On hearing the verdicts, the pair exchanged smiles in the dock, before Fung learned he was convicted of another charge of misconduct in public office.
The flat
The high-profile trial centred on a flat at One Robinson Place in Mid-Levels that Betty Fung bought for HK$10.2 million (US$1.3 million), after Chan signed the initial purchase agreement and paid off the initial deposit of HK$510,000 on September 28, 2004.
The property was later returned to Chan in 2013 when her company, Wiseson, offered two flats in Sing Woo Crescent, in Happy Valley, in exchange. The difference in values then – between the One Robinson Place property and the two flats – meant the Fungs topped up the exchange with HK$6.5 million.
The Fungs then spent HK$2 million renovating their new 3,000 sq ft purchase and called it home – until it became the heart of a scandal that broke on April 1, 2016.
Media reports of the rare – but legal – flat-swapping arrangement led investigators to bundles of curious deeds, estate agency and purchase agreements.
The official had called the accusations against her unfair, because they were based on a groundless assumption she knew the other party in the flat-swapping deal, when she only learned about it through questions from the media.
Fung had signed the deed of exchange after her lawyers performed due diligence with Chan’s secretary.
A source familiar with the investigation agreed it was plausible that Betty Fung did not know Chan, or about the businesswoman’s relationship with her husband, when she sealed the deal.
The age of the Happy Valley flats complicated the prosecution, because its history of more than 60 years made it a challenge for investigators to engage surveyors who could carry out a valuation with confidence.
It was hard to prove if Betty Fung had indeed paid below market price, underpaid her stamp duties and benefited from the transaction.

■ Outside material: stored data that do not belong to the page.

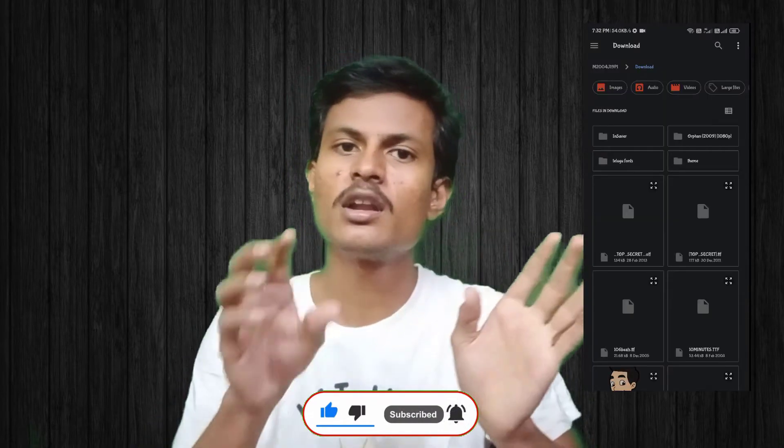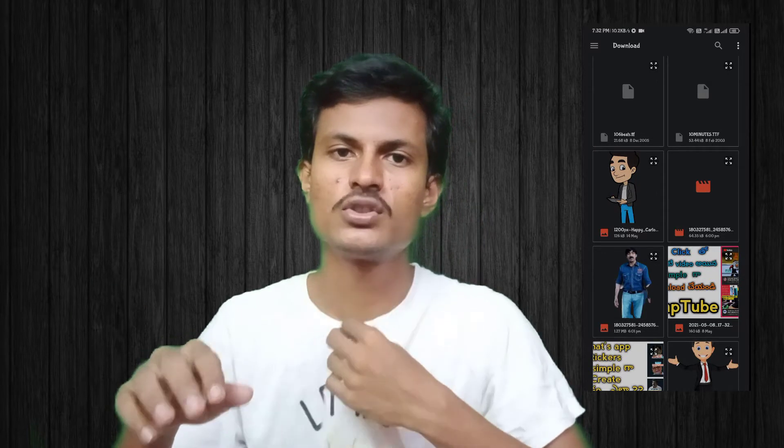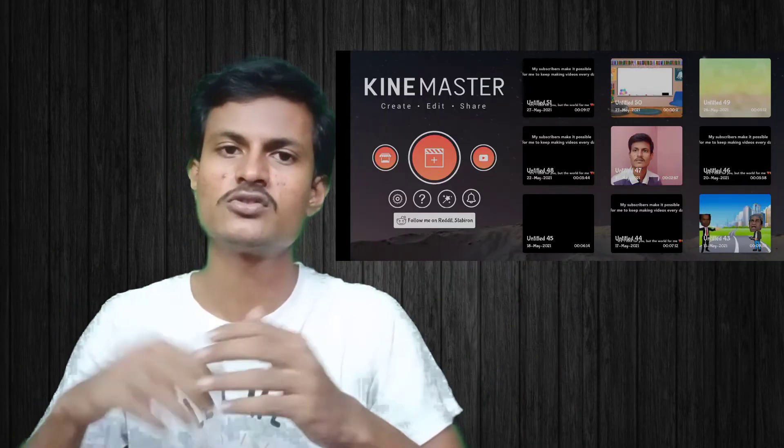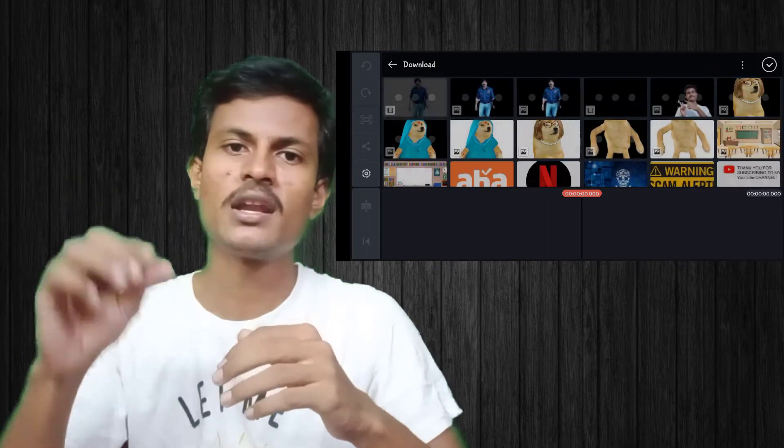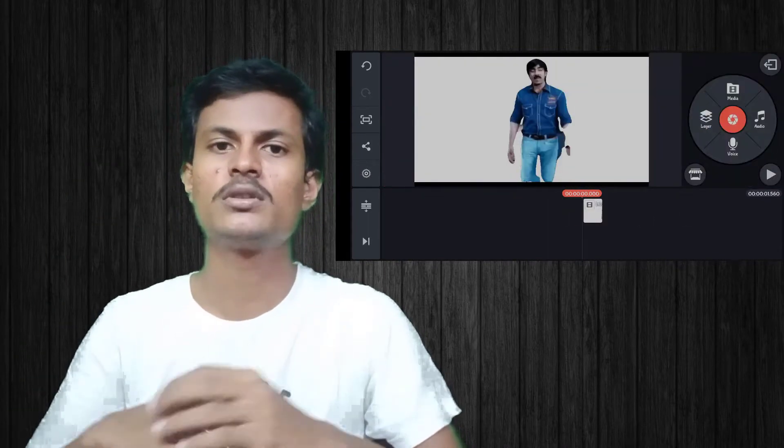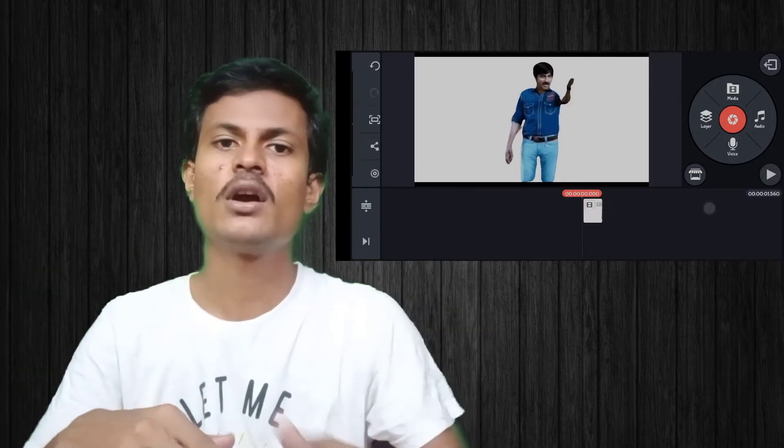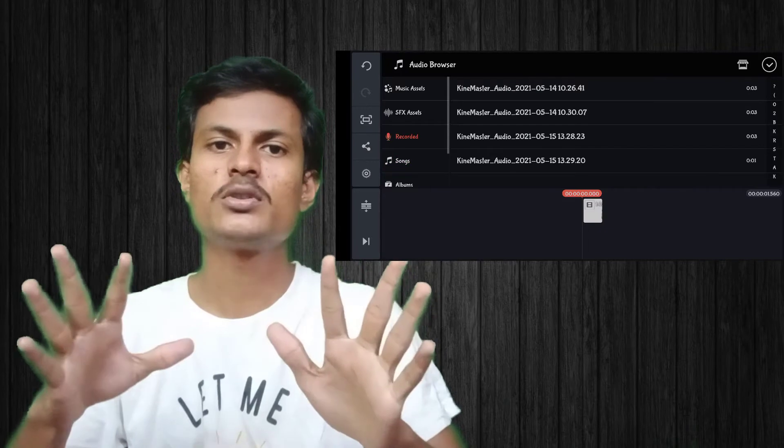If you download the audio and separate video clips from the video, you can do this with any editing software. You can do it in the timeline — simply combine the audio and video together. It is that simple.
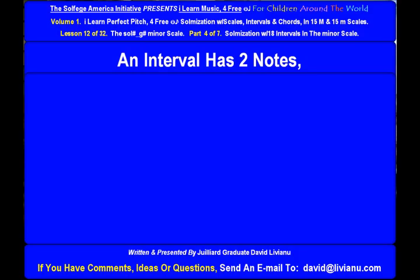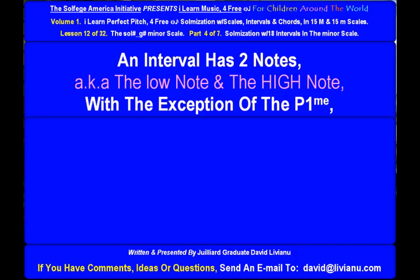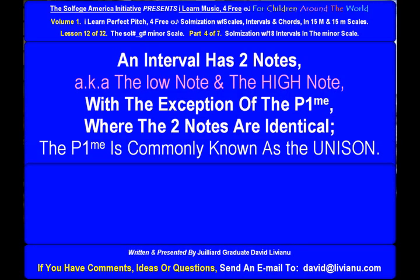An interval has two notes, also known as the low note and the high note, with the exception of the perfect prime, where the two notes are identical. The perfect prime is commonly known as the unison.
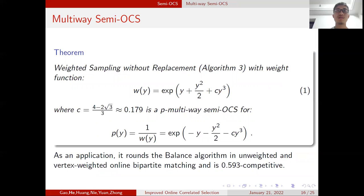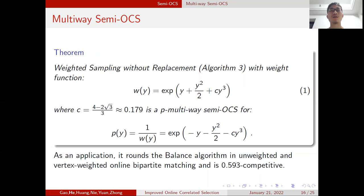It may seem counterintuitive that we assign a larger weight to elements with higher cumulative mass that remain unselected. We will see why shortly. The theorem states this algorithm is a p-multi-way semi-OCS with p(y) = exp(-y - y²/2 - c·y³). As an application, it runs a balanced algorithm for unweighted and vertex-weighted online matching and achieves 0.593 competitive. The trivial algorithm achieves only e^{-y}, so our algorithm improves this to the cubic term.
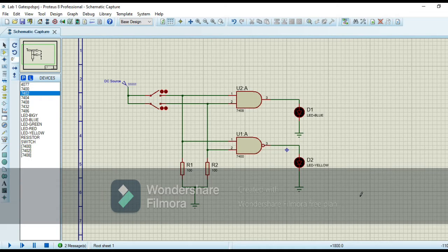Assalamualaikum guys, welcome to my YouTube channel. My name is Abdul Hannan and my role ID is 191057. Today I am discussing level one, which is basic logic gates and verification of their truth tables. I have made the circuit of AND gate and NAND gate on Proteus, and today I show you the simulation of basic gates on Proteus.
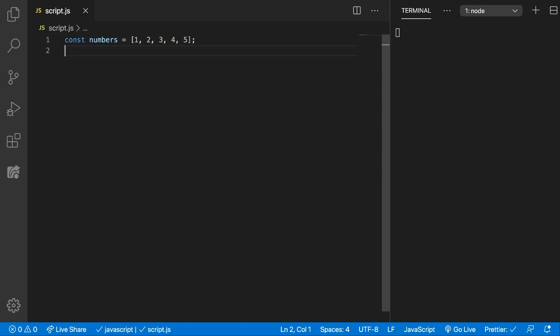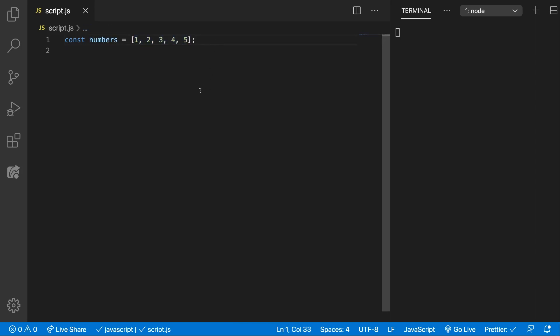Let's see how that looks in code. We have here a numbers array with the numbers from 1 to 5, and let's say we want to search for the number 3 and we want to get the index.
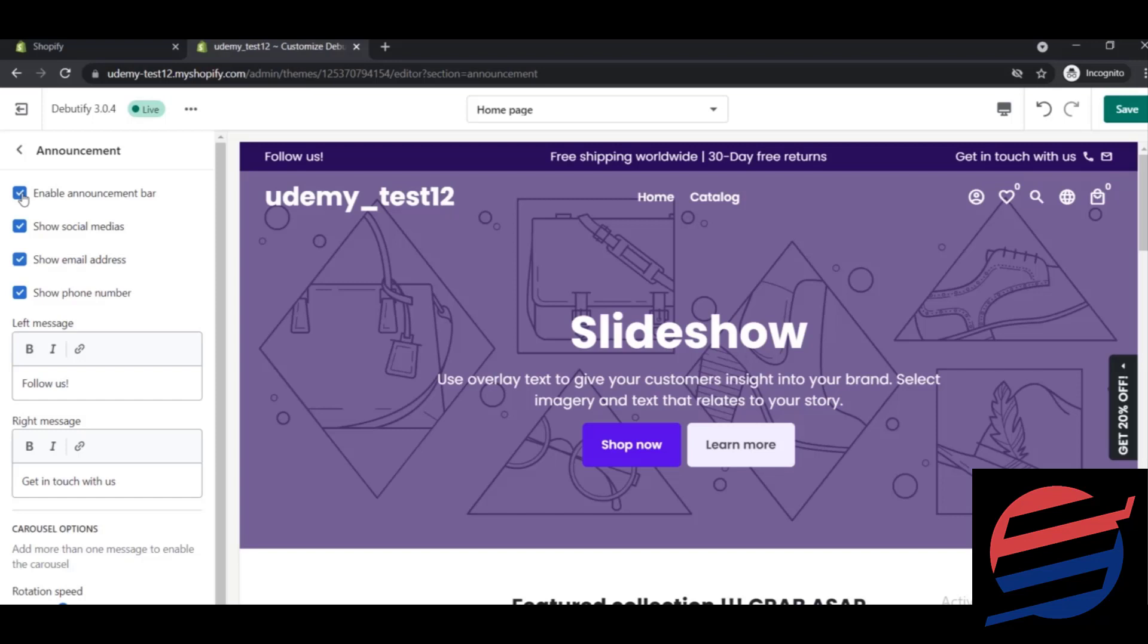very important because when you display your discounts, your clients will see them and you can get some additional purchases. You can show social media icons if you want - you can keep them or remove them.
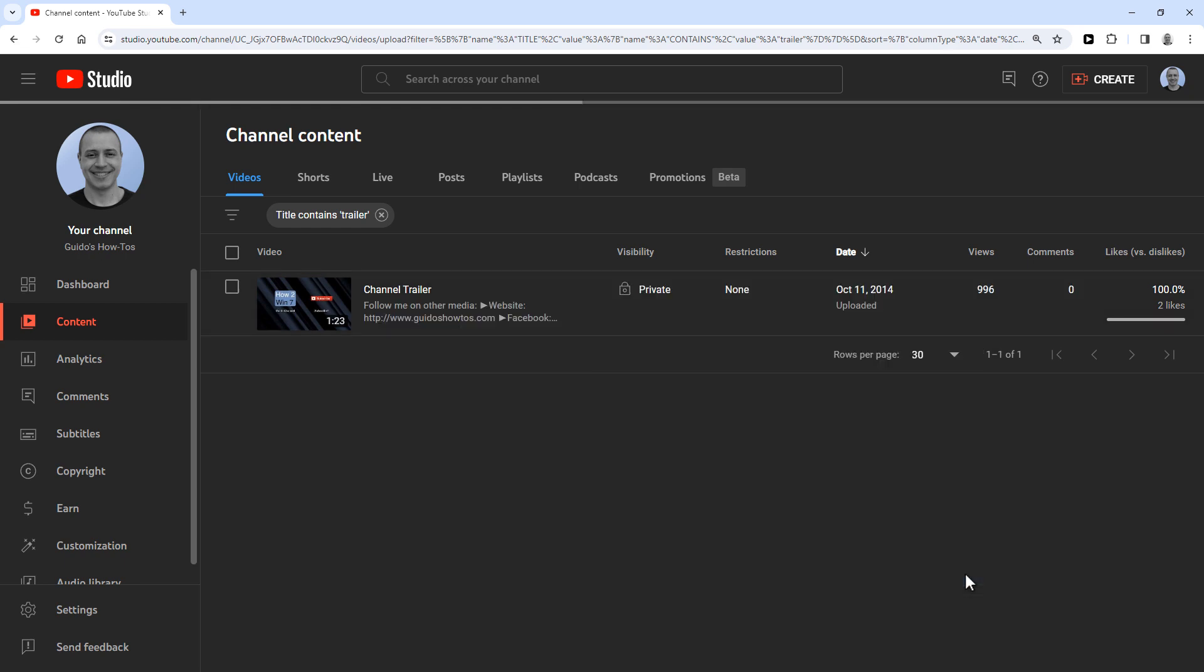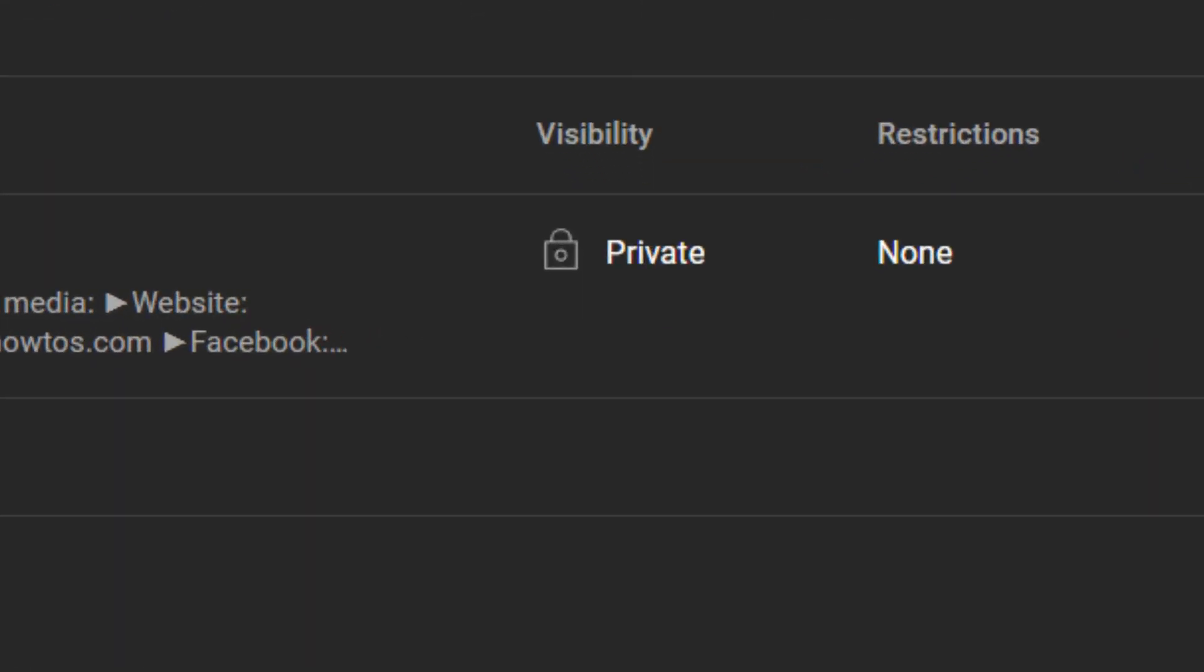And that's it, you have now made your video either private or unlisted. Thanks for watching and don't forget to hit like if this helped you out.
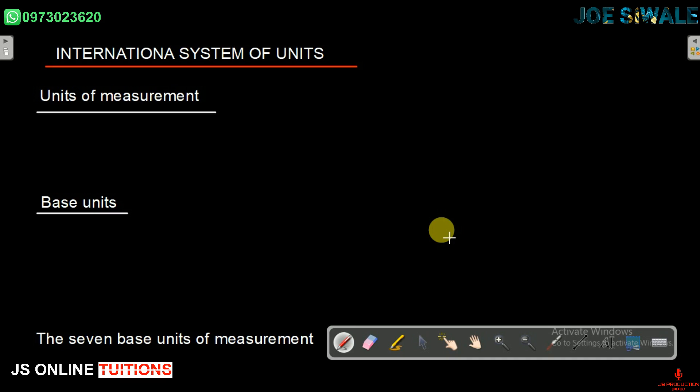Today in physics, we're going to be looking at the international system of units, starting with units of measurements. In physical experiments, we take accurate measurements to measure physical quantities such as length and time.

Valuable air traffic rights
But her husband, a former deputy secretary for economic development and labour, was in a different position since he had handled, and was processing, applications from companies owned by Chan when she settled his home’s initial deposit out of her own pocket.
At the time, the Hong Kong government had been eager to develop the city into a regional aviation hub, and introduce new projects to revive the tourism industry following the devastating impact of the Sars outbreak in 2003.
As head of the aviation division at the Economic and Development Bureau from April 2003 to July 2006, Fung oversaw the allocation and distribution of precious air traffic rights and other aviation-related matters.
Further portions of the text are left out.